There are broad discrepancies between the carriers on individual customers. I don’t think you can come to conclusion about where anybody’s overall prices and draw anything out of that. All you can really do is look and say how are they growing it out. Terry Shu – Pioneer Investment: Right. Thank you.
Okay. Brian, last question. Did we lose Brian?
Our final question today is from Brian Meredith with UBS. Your question please. Brian Meredith – UBS: Okay. Thanks for helping me get in. Couple of questions here. Last one, G&A expense ratio in the P&C business looks like it’s popped up year-over-year, anything unusual there, is that we should expect that going forward, increase advertising or something?
I would encourage you to think about our target combined ratio that we give you. We are going to be in the 88 to 90. Brian Meredith – UBS: Okay. So, keep it in that context. Okay, and then, haven’t heard much out of Judy, so I am just curious to let her talk a little bit here. New money yields versus kind of current book yields on the portfolio, investment yield was down this quarter. I mean, are we getting close to bottoming, you think here?
As Tom said in his opening comments, rates continue to be low reinvesting generally as a lower yield than the overall portfolio yield. But if you look at it from quarter-to-quarter, we were down modestly from fourth quarter to first quarter and we are working to stay fully invested and also to continue to do the things that we couldn’t do in terms of risk mitigation or return optimization, but with rates as low as they are, it’s tough to really grow income with significant exposure and fixed income. Brian Meredith – UBS: My last question, Tom, if I take a look at average written premium per policy in your auto business, it’s ticked up nicely here to see the rates coming through, lost cost owning [ph] up all that much, although we are seeing the underlying loss ratios in the auto insurance business, still increase on year-over-year, I think up about 90 basis points, guess my question is, is that should we expect that to start stabilizing, you are going down, going forward here given the current dynamics, where is it that this concept putting through to kind of mitigate that?

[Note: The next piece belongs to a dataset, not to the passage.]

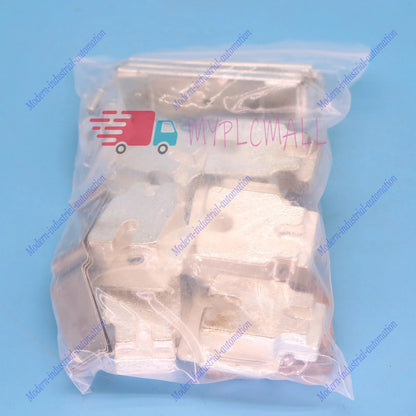 1pc KZ700 EHCK700-3 EH Contact kit KZ700 EHCK700-3 Fast Ship #YP1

Brian, you talk about coming down being the combined ratio or the average premium? Brian Meredith – UBS: Looking at more, I am looking more at the combined ratio in standard auto or actually even more so the action in your loss ratio ex-Cat, the underlying loss ratio?
Yes, I would say we try to manage the business in total. The 88 to 90 is a full-year number. So, we of course try to be there every quarter because you don’t want to be outside the range and not get there, but we are right in the middle of the range this quarter. We expect we will stay in that range for the year. And so, as it relates to the average premium, yes it is up about 3%. If you look at loss costs, you don’t have the benefit of some of the stuff we see where you see like paid severities down on BI this quarter. We feel good about staying in the 88 to 90, we think that’s a good place where we can grow and necessary for us to have the profitability to continue to invest and grow. So, I don’t think you should read too much into the lines other than we said it will be in 88 to 90, and that’s where we would like to be. Brian Meredith – UBS: Thank you.
Thank you for all of your questions today. Really you can see, this quarter is just really a continuation of the trends we have had over the last year-and-a-half or so, the things we have addressed successfully and that we will continue to do that. We do it a couple of ways. One is we are good at what we do and second we just take action and move forward. So, we do have three priorities there, improving customer loyalty, growing our businesses, and then reinventing protection of retirements so that we differentiate ourselves versus the competitors. When we do that, that should and will end up in reducing volatility, raising returns and growing the business which will end up driving shareholder value. So, thank you all for being patient with us. We will see you next quarter.
Ladies and gentlemen, thank you for participating in today’s conference. This concludes the program. You may now disconnect. Good day.